We got lost. Somewhere along the trail we had missed a turn and were far past the unremembered destination. The afternoon was fading into early evening; it must have been mid-summer or late spring, the air had the hint of coming night despite the bright, slowly lowering sun. We kept walking and my mom encouraged me (more likely badgering or sharply demanding) to keep going, but I was young and tired.

At this point I should probably expand on the fact that I was a demanding and boisterous child. Ok. I was a loud and spoiled brat. And my mother was not warm and fuzzy. She was tiny, barely five-foot tall and not more than one hundred pounds. In fact, she would become concerned about her weight if she went over that century mark, she was not anorexic; she never starved herself. And I think, at this point in her life she was heavier than usual, maybe a whopping one-ten.

When I collapsed in a tantrum, declaring that I could not walk one more step, my mother offered something unique. She gave me a piggy-back ride.

We were a long way from the car, but my mother carried me the whole way back.

I remember the sharp feel of her shoulder blades against my face, the smell of her peroxide-blonde hair, the pinch of her long fingernails supporting my thighs, and the uneven rocking of her stride as she carried me along the path.

By the time we got back to the car, the sunlight was slanting sharply toward dark. I don't remember what she said or what happened when we arrived home so much later than expected. Those pieces are lost.

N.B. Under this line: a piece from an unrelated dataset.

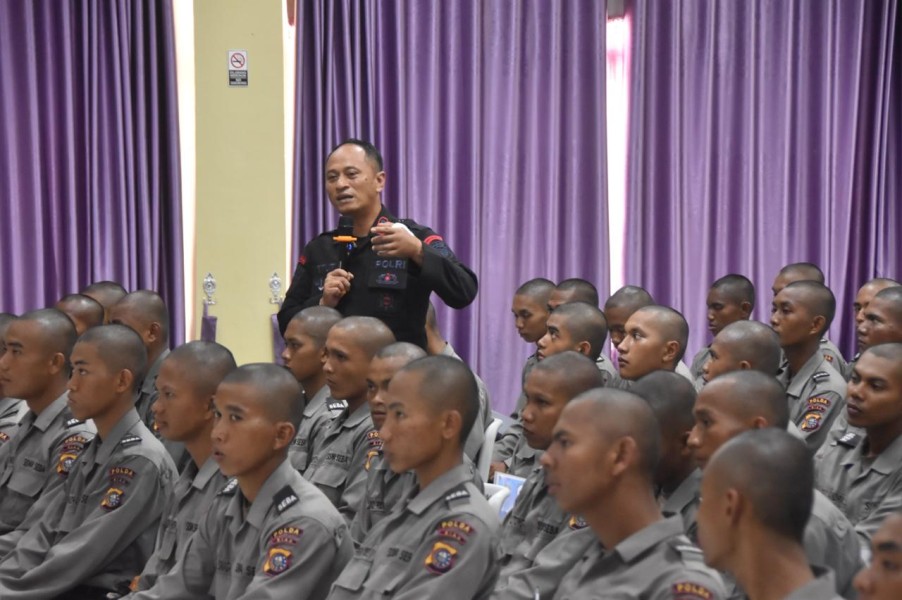 Dansat Brimob Riau Berikan Materi dan Motivasi Kepada Siswa Diktukba SPN Polda Riau 2025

I am not even certain that it ever truly happened. It could very well be a vivid dream transformed into memory. I don't think so, because when, years ago while riding my horse in the Park, I came upon a rock-strewn trail and followed memory to a nearly empty parking lot, or, now, when I smell a certain type of greenness in warm summer air, or when the sunlight slants that certain way, I feel bone beneath my cheek and inhale the scent of old shampoo.

The details are precious.

1 comment:

  1. Really? My most precious memory is her getting me ready for college and writing me that sentimental song. Who knew she had a sentimental side? I miss her more now that you are getting married (again, I couldn't resist). Choosing to think of the supportive Mom and not the controlling. Thanks for writing that, I LOVE your blog!